As a creative exercise, take the RFP approach to the sales and marketing relationship in your firm. Though the details vary from one firm to another, the following are some examples that could help sketch out what a healthy marketing and sales team would look like:

Organizational background: How do both departments see themselves today and where would they like to be?

Project goals and target audience: This gets back to the “What’s a customer” question mentioned above. If you have this figured out, the rest will come naturally.

Scope of work and deliverables: Besides the business-specific metrics for sales and marketing, what might be signs the collaboration is going well, and what will it take to get there? For example, should this be a one-off meeting or a more regular get-together.

Timeline: Improved sales and marketing alignment might be the destination, but what’s the journey? Will getting on the same page take weeks, months or a full year?

Budget: Maybe all you need is to buy donuts for the meeting, but in other cases sales and marketing alignment might be accelerated by strategic investments in the right tools. This could include CRM, of course, but also marketing automation, analytics and more.

Find A Way To Keep Connected Before The Meeting Ends

Nobody likes having their e-mail messages ignored. Nobody likes being part of long e-mail chains. Nobody wants to be pestered with phone calls every other hour. Yet part of the value of working more cooperatively involves marketing and sales groups determining the preferred ways to ask questions, get feedback and resolve problems. Don’t wait until everyone goes back to their desks to iron this out. Instead, offer some suggestions and see what resonates.

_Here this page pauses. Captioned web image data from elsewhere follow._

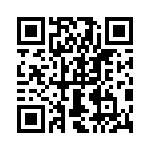 0387306607 QRCode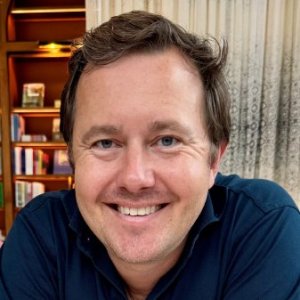 Alexander Oettl profile photo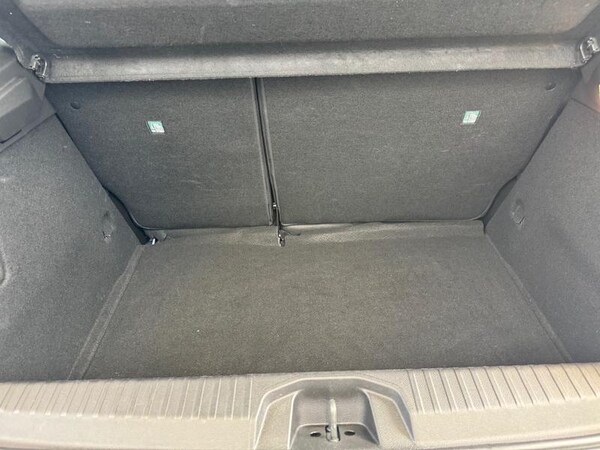 Used Renault Clio 2022 for sale - 75457409: Photo 23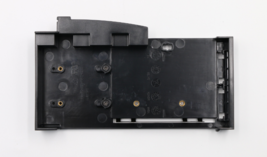 Lenovo P920 P720 P520 Dual M.2 holder M.2 SSD Solid State Drive Bracket ... - $30.59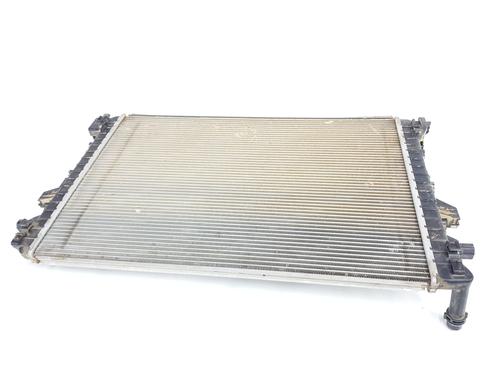 Water radiator SEAT LEON (KL1, KLG)  | BP29436572M31 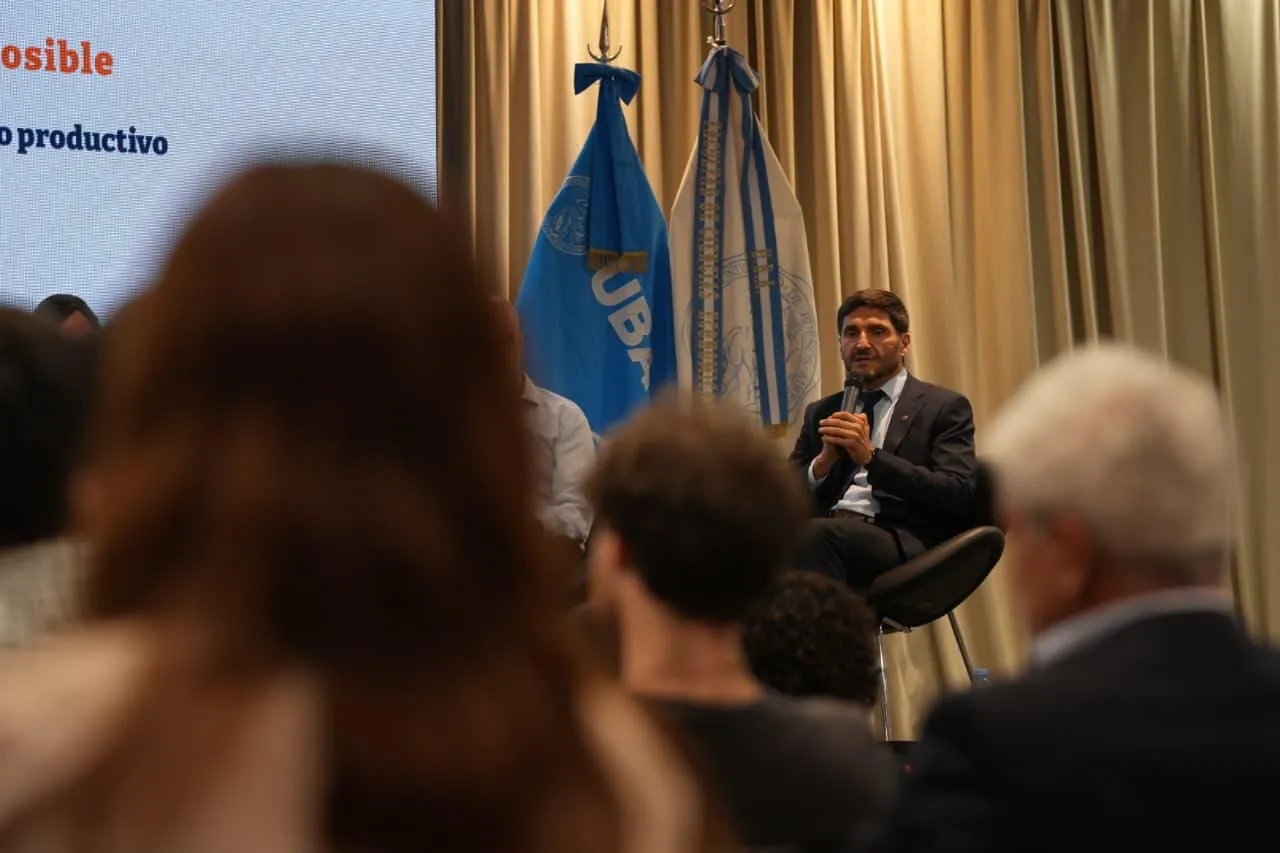 ad3b44ae-a18d-4c12-a042-f68946b26ed1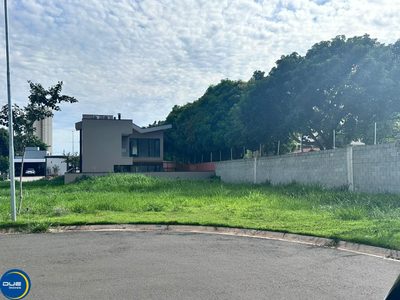 Terreno, 349 m² - Foto 1
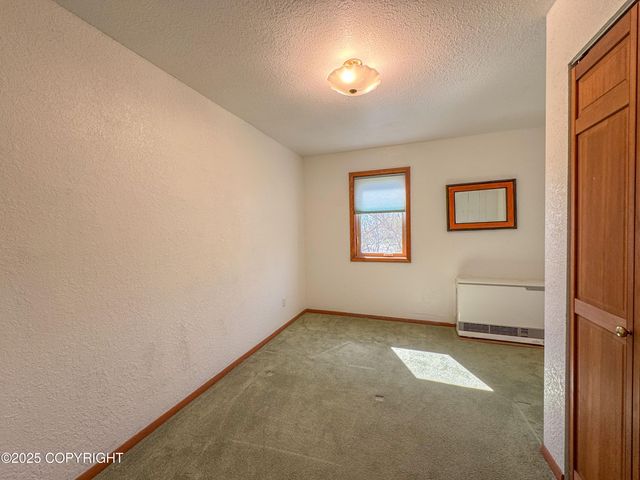 124 Mountain View Drive, Homer, AK 99603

  • Should we be social? People may already be using things like Facebook and Twitter in their personal lives, and there are business-ready equivalents that may be easier and more fun to use for virtual conversations between sales and marketing teams.
  • Is there an appetite for an app? Consumers are no longer the only ones using apps to be more productive. Businesses are creating highly sophisticated apps of their own that work internally to manage business processes, and communications can be a strong part of that.
  • Are you ready for your close up? Cloud computing is making it easier than ever before to not only share data but stream communications from one device to another. This includes the use of video as a way to reach out to staff no matter where they are and avoid the occasional problems with tone in e-mail or written communications.

As always, end every meeting with clarity on key action items and who’s responsible. And offer a heartfelt thank you – when sales and marketing teams agree to start the process of meeting they’re one step closer to the kind of alignment that many firms are desperately hoping to see.